Pirates of the Caribbean
Sail the high seas with the Pirates of the Caribbean. You might even see a familiar face, or two. One of the few rides to inspire a movie. This ride was the last attraction that Walt Disney designed before his death. You can find Pirates at Disneyland, WDW, Disneyland Paris, Tokyo Disneyland, and Shanghai Disneyland.
Walt Disney’s Enchanted Tiki Room
Walt Disney’s Enchanted Tiki Room was the first attraction to feature audio-animatronic characters with latex, a huge technological advance at the time. Enjoy the air conditioning (let’s be honest, we are in Florida and it gets hot!) and watch a mesmerizing show of singing birds and plants. You might even start singing along by the end of the show!

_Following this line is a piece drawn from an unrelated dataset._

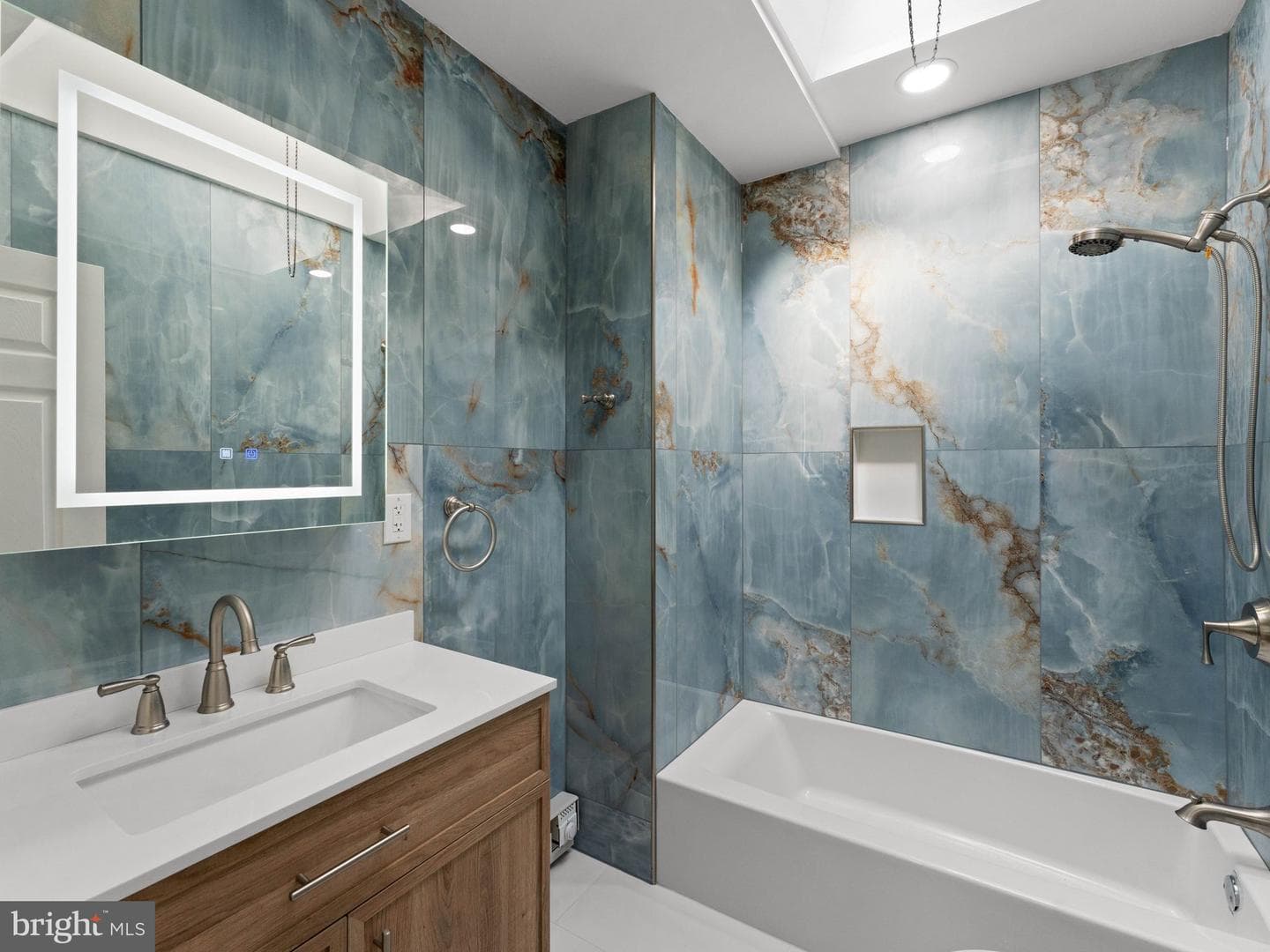 5448 W Montgomery Avenue photo 18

Quick Fact: the roof is not a real thatch roof. It’s metal. Touch it! Walt wasn’t sure if they could maintain a real thatch roof at the time. So he had the Imagineers create the first (and probably only) metal thatch roof.

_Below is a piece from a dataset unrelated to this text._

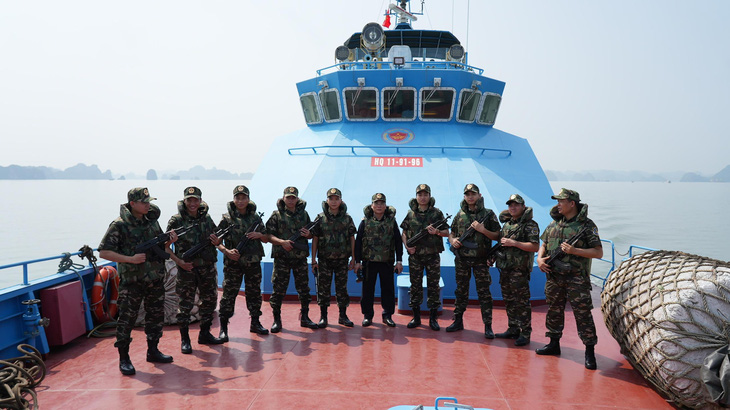 Tuyển dụng Hải quan 2023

The Jungle Cruise was another one of Walt Disney’s personal creations. This ride was inspired by his travels around the world. Cruise through the jungle and you might see some animals, and hear some jokes from your captain, along the way.
Carousel of Progress
Walt Disney shared his vision of the Carousel of Progress, in cooperation with General Electric, at the New York World’s Fair (1964-1965). It was one of the most visited shows at the fair. If you want to relax from all that walking (it’s exhausting!), walk right in (usually a 5-10 minute wait), have a seat, and watch Walt Disney’s vision come to life. It’s amazing to sit and think that Walt inspected this exact ride many times over, the same ride you’re enjoying in 2016. Learn about technological advances through time, and possibly start singing a catchy song for the rest of your stay. One of the funniest things is watching the final scene of the “future”. Many, if not, all of the technological advances have already been developed. It just makes you more aware of the exponential rate of advancement.